Diritto e valori
DOI: 10.1401/9788815413499/c8
VIII
I diritti e le funzioni dei sindacati e dei rappresentanti sindacali nell’impresa
Relazione generale sul primo tema dell’VIII Congresso internazionale di diritto del lavoro e della sicurezza sociale, tenuto a Selva di Fasano (Brindisi) nei giorni 17-19 settembre 1974 (pubblicata in «Jus», 1974, pp. 381-410)
1. La posizione del sindacato nei sistemi di relazioni industriali dei paesi europei anteriormente al 1968. Il principio della neutralizzazione sindacale dell’impresa nei paesi della Comunità economica europea.
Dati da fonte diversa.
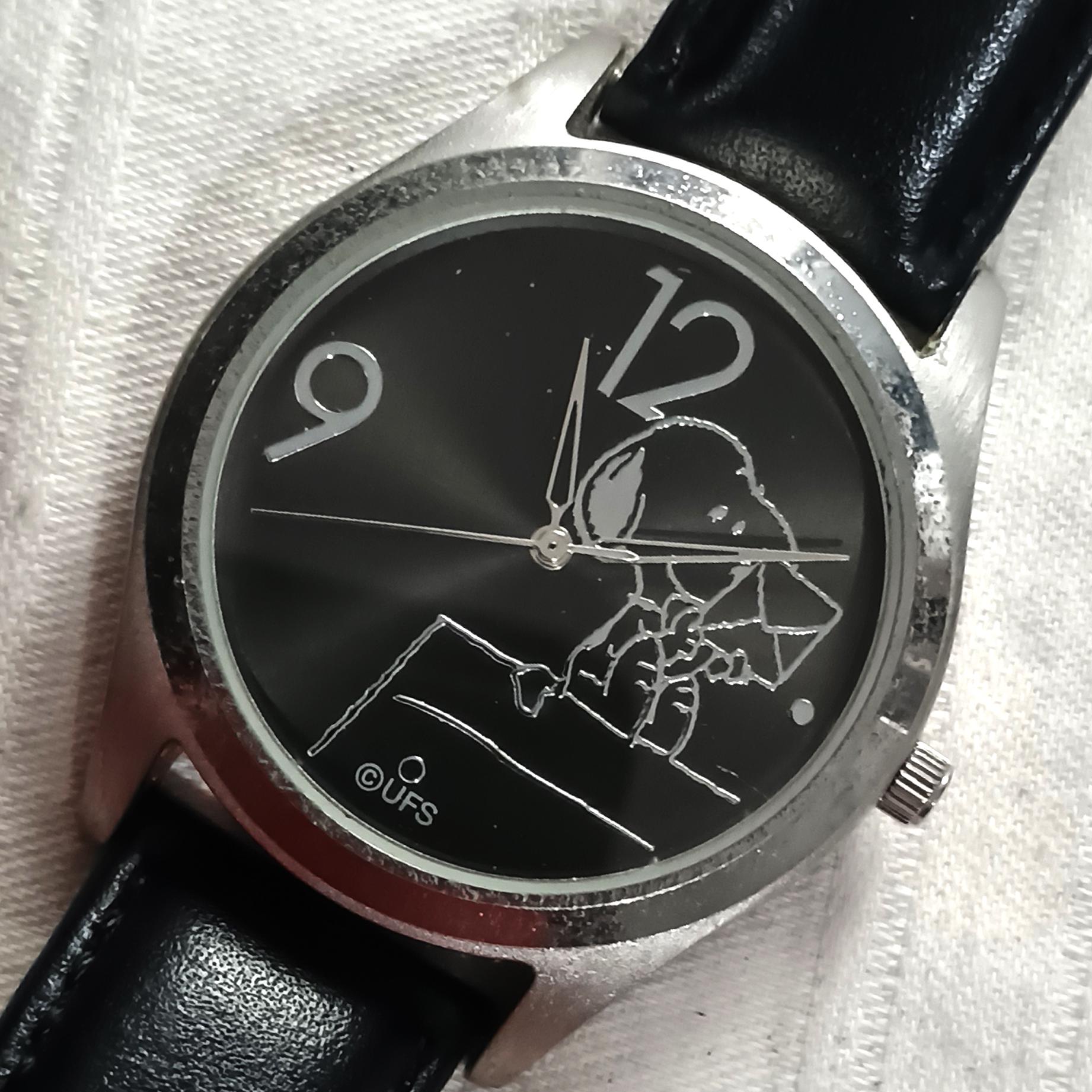 Rare and vintage Snoopy watch with original leather strap. Vintage Mechanical Snoopy Wrist Watch Runs Peanuts Charles  main image 2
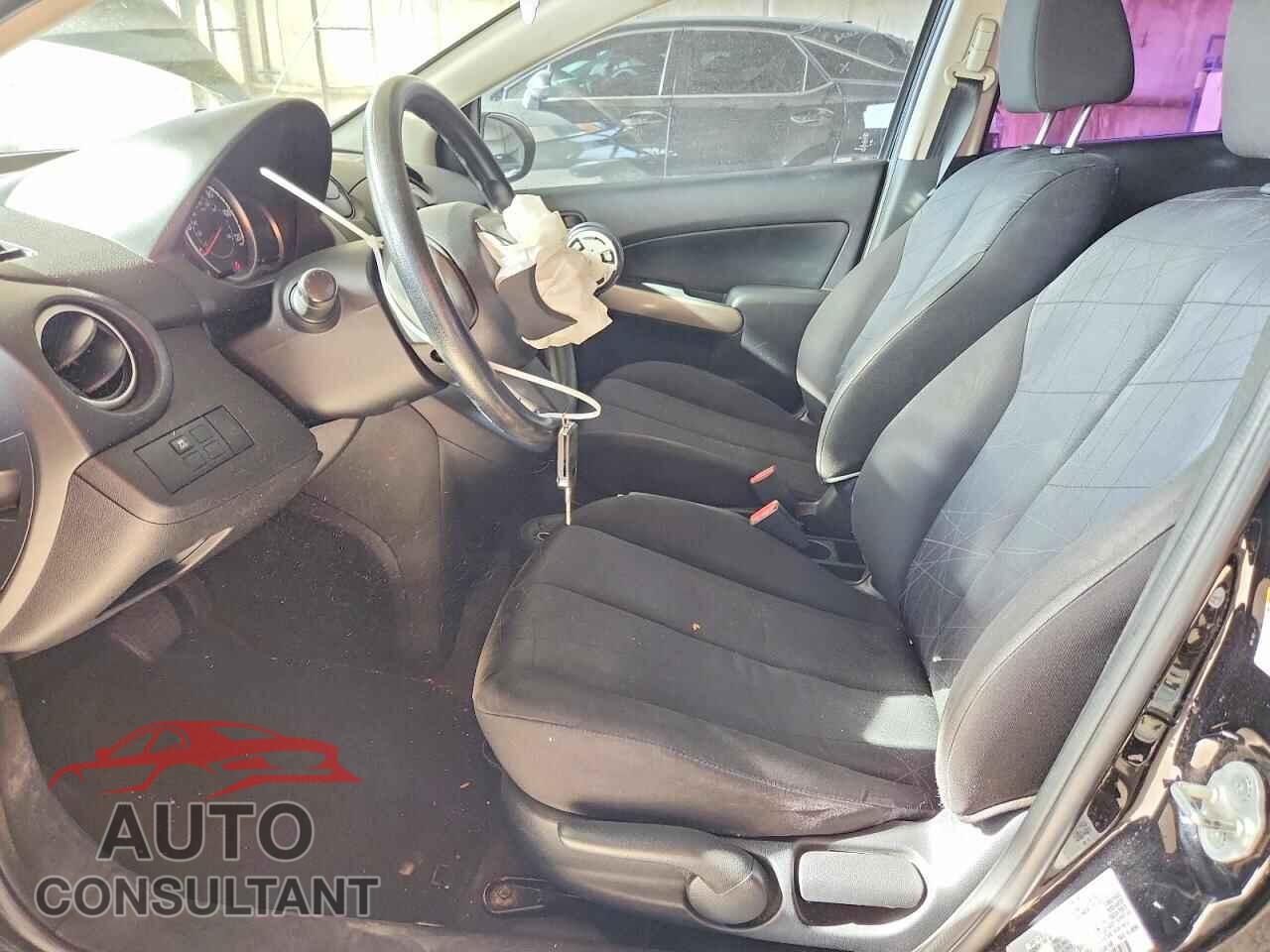 MAZDA 2 2011 - JM1DE1HY3B0120333
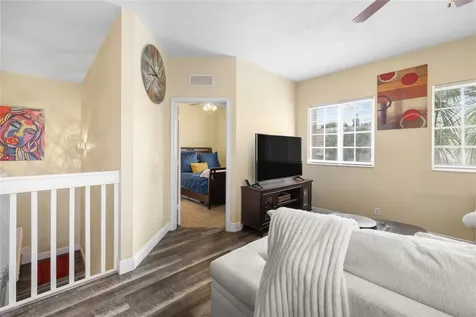 3230 NW 32nd Terrace Oakland Park FL 33309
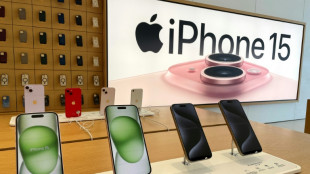 Apple sales lose ground, but iPhone growth strong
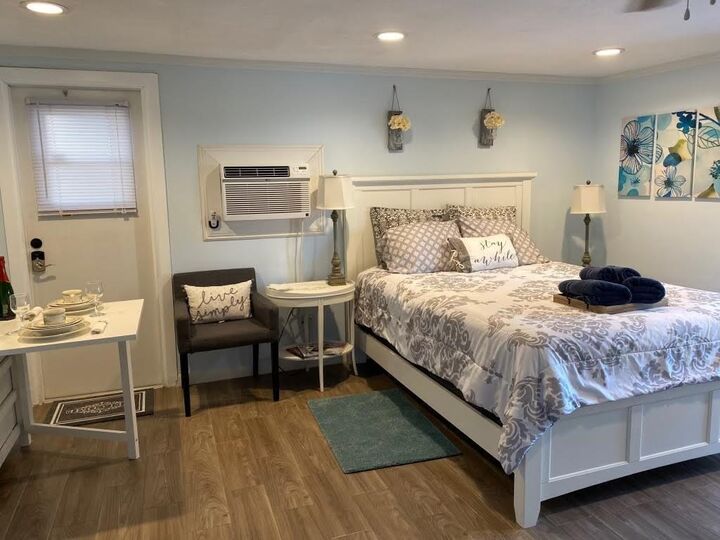 Property Photo: 1913 Thomas Street FL 33020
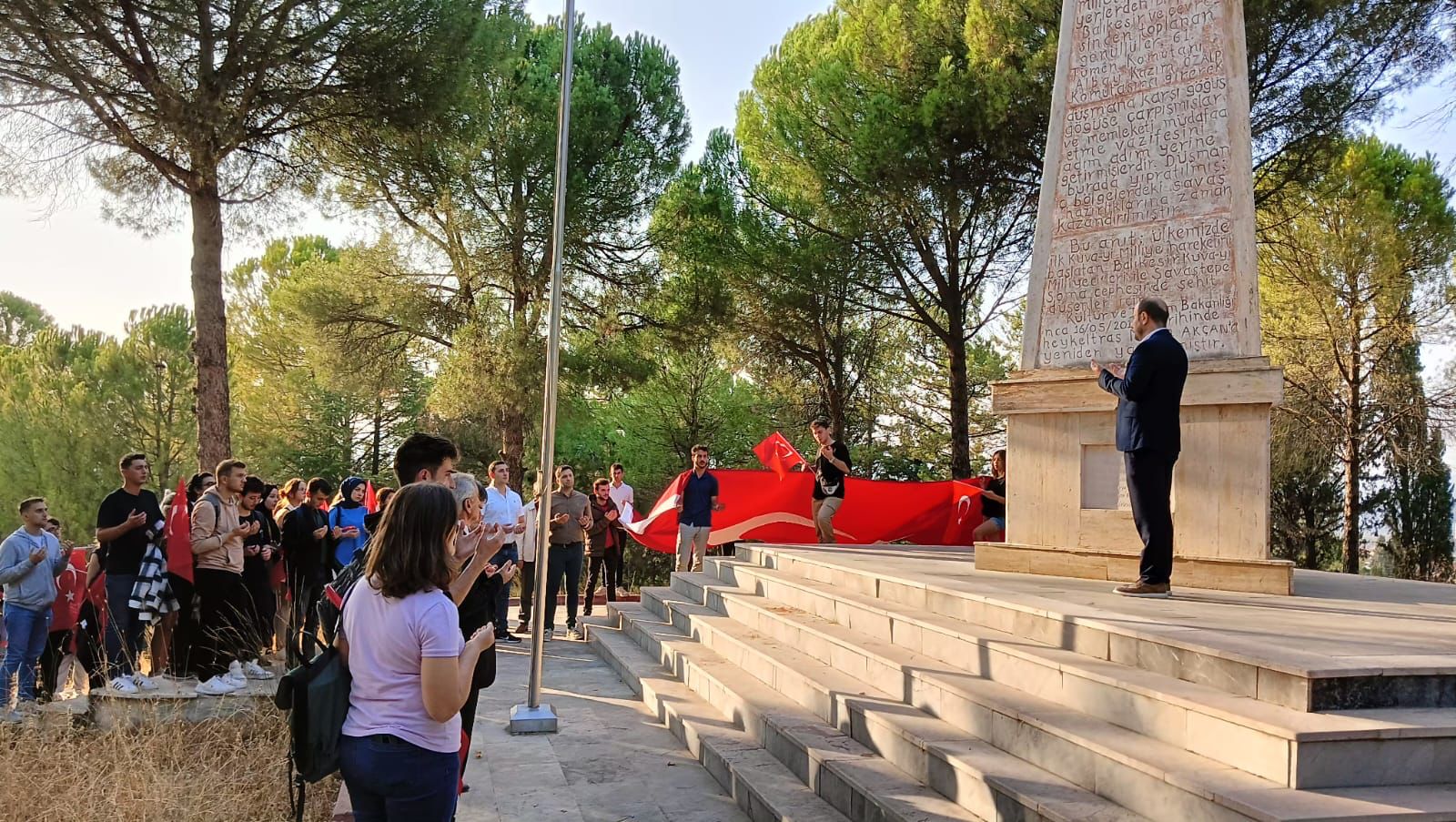 Cumhuriyetimizin 100. Yılında "Şehitlik Anıt Yürüyüşü" düzenlendi. 6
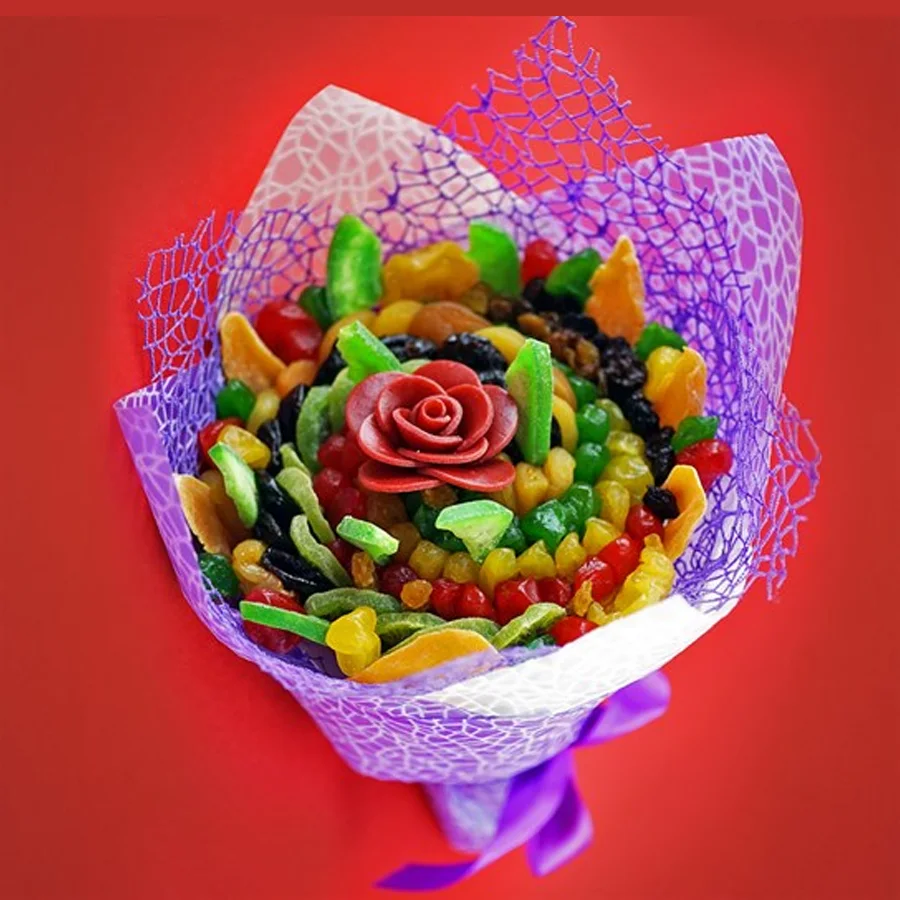 Bouquet of dried fruit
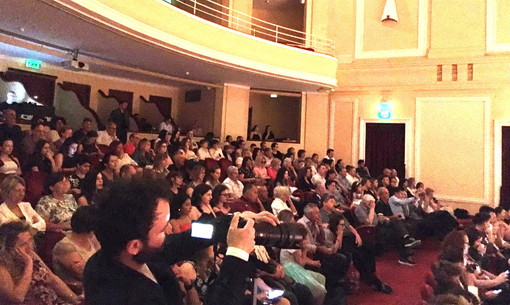 Sanremo: successo per l'evento organizzato da New Lumin’Arte al teatro del Casinò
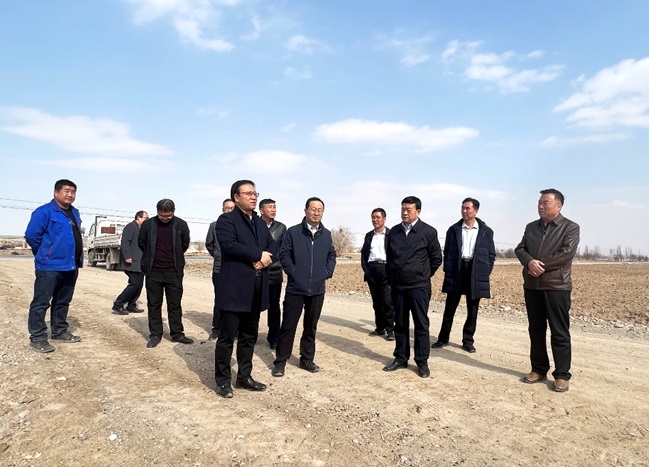 振興種業(yè)在行動,敦煌種業(yè)牽手奧凱種機、大禹節(jié)水現(xiàn)場對接推進千畝智慧種業(yè)示范園區(qū)建設(shè)項目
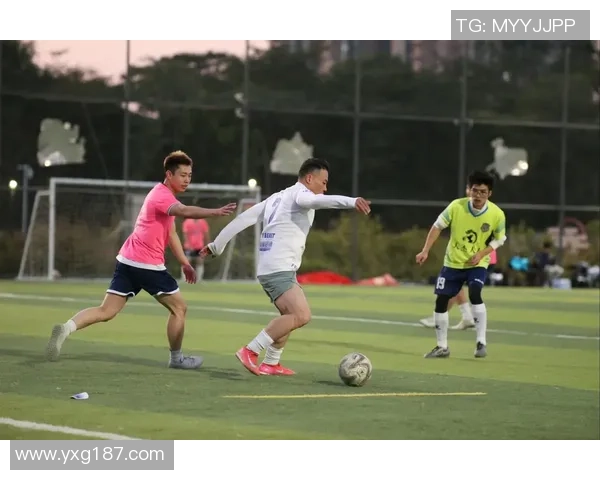 足球明星小黄毛的精彩瞬间与个人魅力全解析 足球明星小黄毛的精彩瞬间与个人魅力全解析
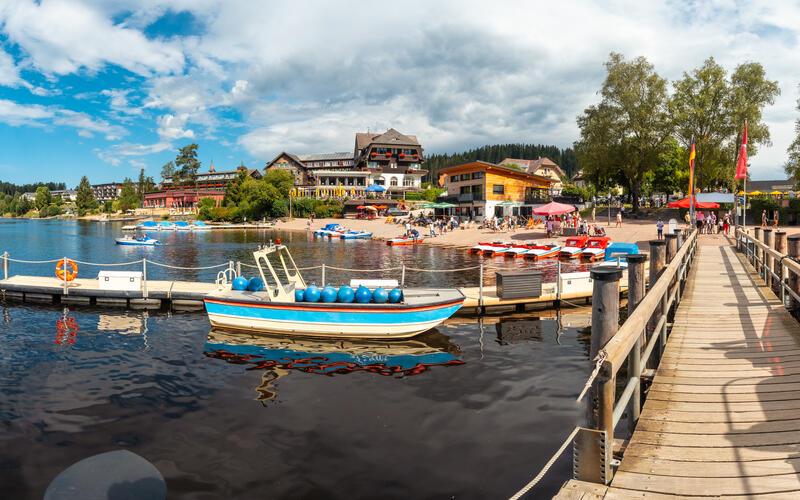 Der Titisee: Wasseroase mitten im Hochschwarzwald.GB-Foto: unai/stock.adobe.com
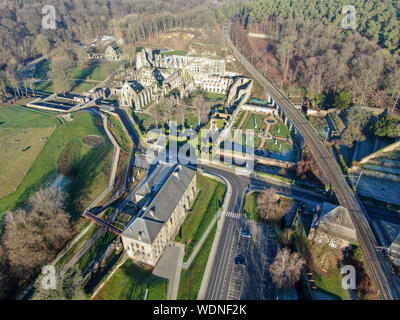 Luftaufnahme der Abtei von Villers Ruinen, eine ehemalige Zisterzienserabtei in der Nähe von Villers-la-Ville in der Provinz Brabant in der Wallonie, Belgien Stockfoto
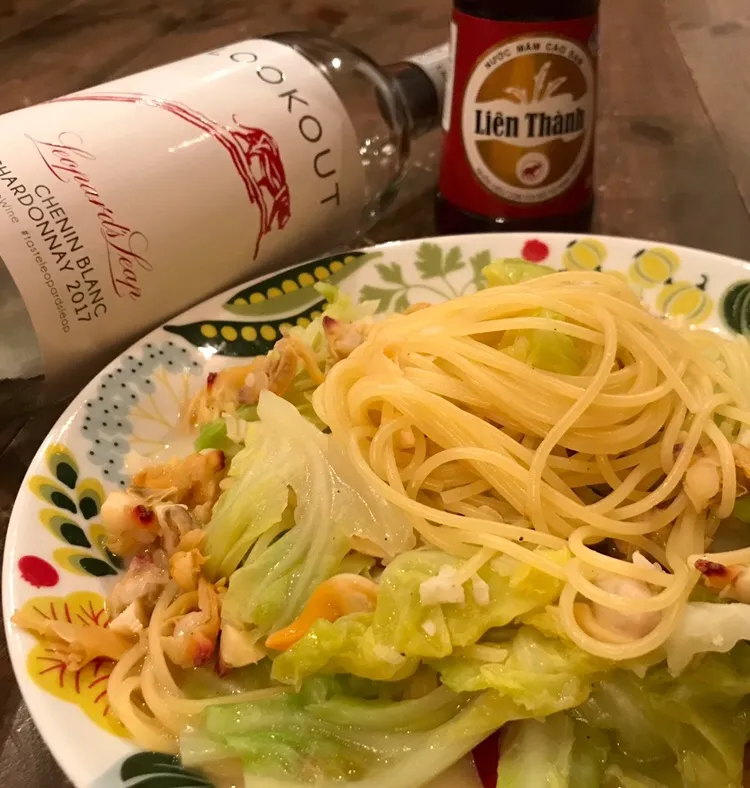 Snapdishの料理写真:春キャベツとバカ貝（アオヤギ）のパスタ、ニュクマム風味|koji toyodaさん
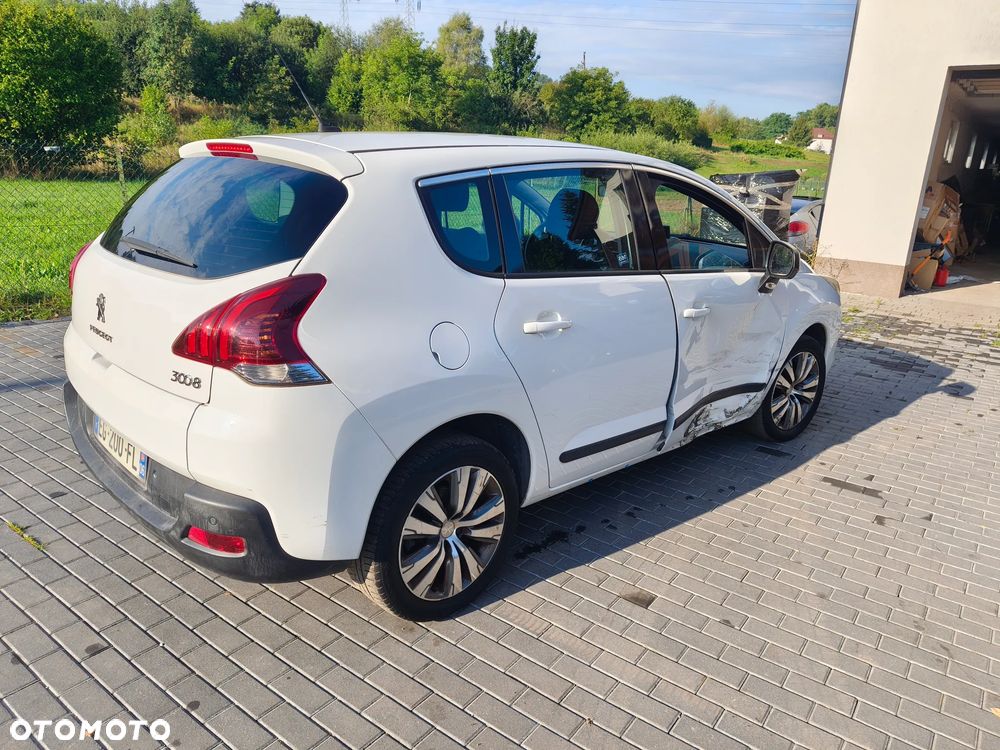 Peugeot 3008 1.2 PureTech Allure - 9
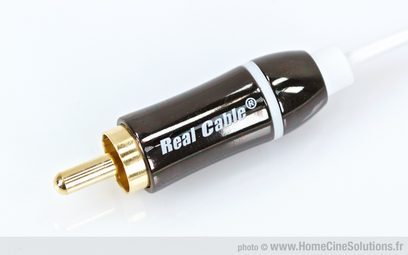Forgyldt RCA-stik Real Cable Nano SUB 5 m til basrør, cylindrisk sort blankt kabinethus, nærbillede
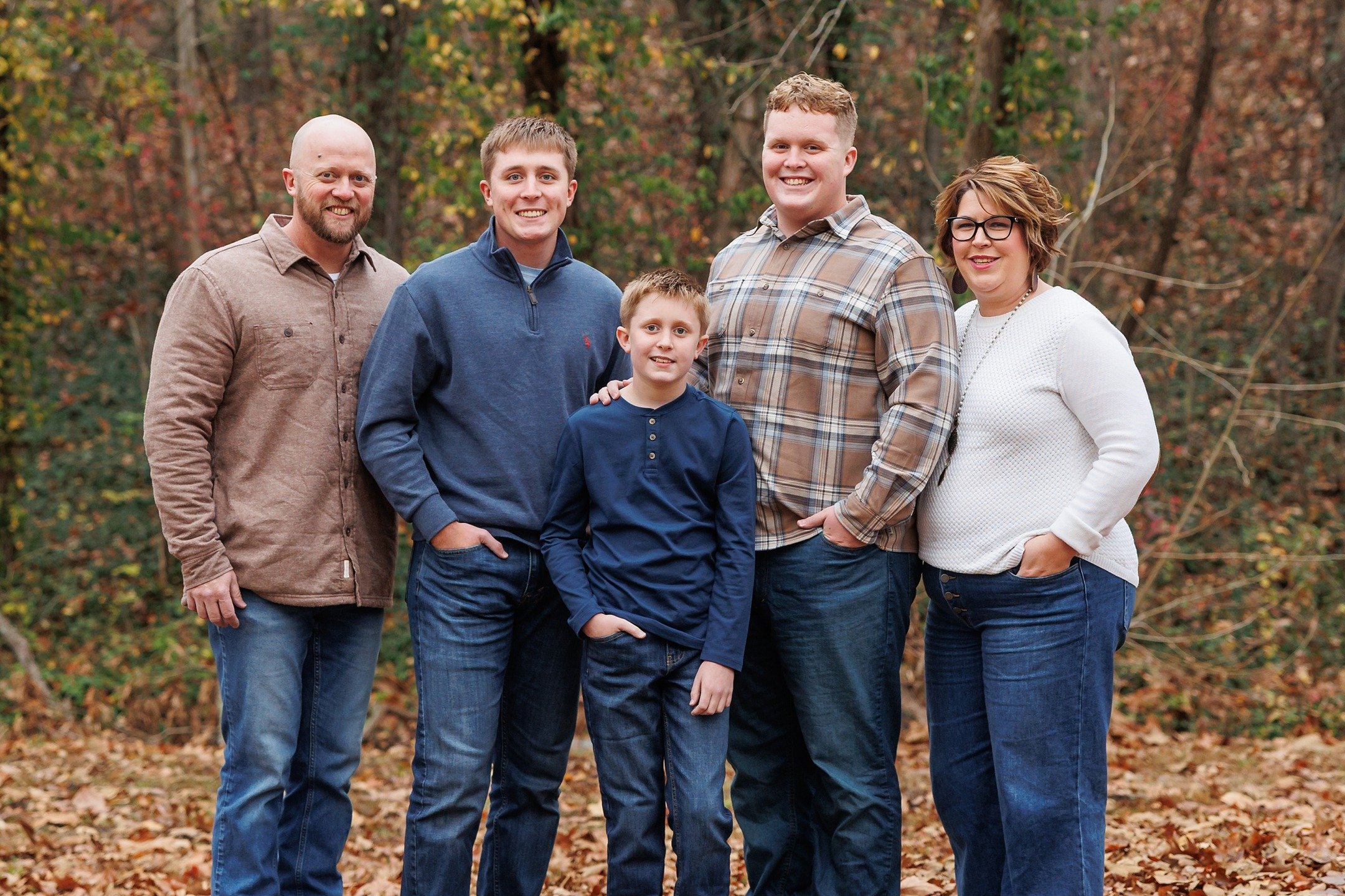 From Senior pictures to family pictures, I love being a small part of the journey! 🧡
Fino alla vigilia degli anni Settanta, i sistemi di relazioni industriali nei paesi ad economia di mercato dell’Europa continentale (esclusa la Scandinavia) sono fondati su un comune principio negativo, che esclude il sindacato, come tale, dalle imprese. Non solo non sono riconosciute forme di articolazione dell’organizzazione sindacale al livello delle singole imprese, ma nemmeno è ammessa a questo livello un’articolazione della contrattazione collettiva con le associazioni sindacali esterne. La funzione del sindacato si esaurisce nella contrattazione ai livelli superiori delle categorie professionali o dell’intero settore produttivo, normalmente accentrata sul piano nazionale, talvolta integrata o adattata alle varie situazioni locali mediante contratti regionali o provinciali. Nelle unità produttive il controllo sull’applicazione dei contratti collettivi e l’amministrazione delle relative controversie sono istituzionalmente affidati a organismi di rappresentanza del personale distinti dalle strutture sindacali ed eletti da tutti i lavoratori, indipendentemente dalla loro affiliazione sindacale. Il principio della neutralizzazione sindacale dell’impresa comporta una divisione di competenze tra il sindacato, fuori dall’impresa, e la rappresentanza del personale, dentro l’impresa.¶{p. 210}
Certo in tutti i sistemi operano criteri di coordinamento fra le due strutture, destinati a preservare l’azione degli organismi di fabbrica dalla degenerazione in un chiuso corporativismo aziendale e quindi in un fattore di rottura dell’unità dei lavoratori, che è la suprema preoccupazione del sindacato. In Germania e Austria, dove vige praticamente una situazione di unità sindacale sostenuta da un alto grado di adesione formale dei lavoratori, la cooperazione dei consigli aziendali col sindacato esterno è garantita di fatto dall’affiliazione sindacale della grande maggioranza dei membri e dei presidenti dei consigli, ed è ulteriormente favorita dalla legge tedesca con l’ammissione, a certe condizioni, di delegati sindacali (con voto consultivo) alle riunioni del consiglio, e ancora più incisivamente dalla legge austriaca con la possibilità di elezione a membri del consiglio di funzionari sindacali (salva la riserva di tre quarti dei posti ai candidati che siano lavoratori occupati nell’impresa). In Francia e Italia, dove la «patria irredenta» dei lavoratori non iscritti al sindacato è molto più estesa, questa forma di unione personale è assicurata dal riconoscimento ai sindacati del diritto (in Francia esclusivo) di presentare liste di candidati alle elezioni dei delegati del personale e dei comitati di impresa o, rispettivamente, delle commissioni interne. Tuttavia, sia la finalizzazione alla tutela di un interesse collettivo identificato in funzione del vincolo di dipendenza contrattuale dei rappresentati da un medesimo datore di lavoro, e non in funzione di solidarietà più ampie di categoria professionale o di classe sociale, sia la natura profondamente diversa della loro fonte di legittimazione rendono le rappresentanze interne del personale inidonee a una piena integrazione funzionale nell’azione sindacale.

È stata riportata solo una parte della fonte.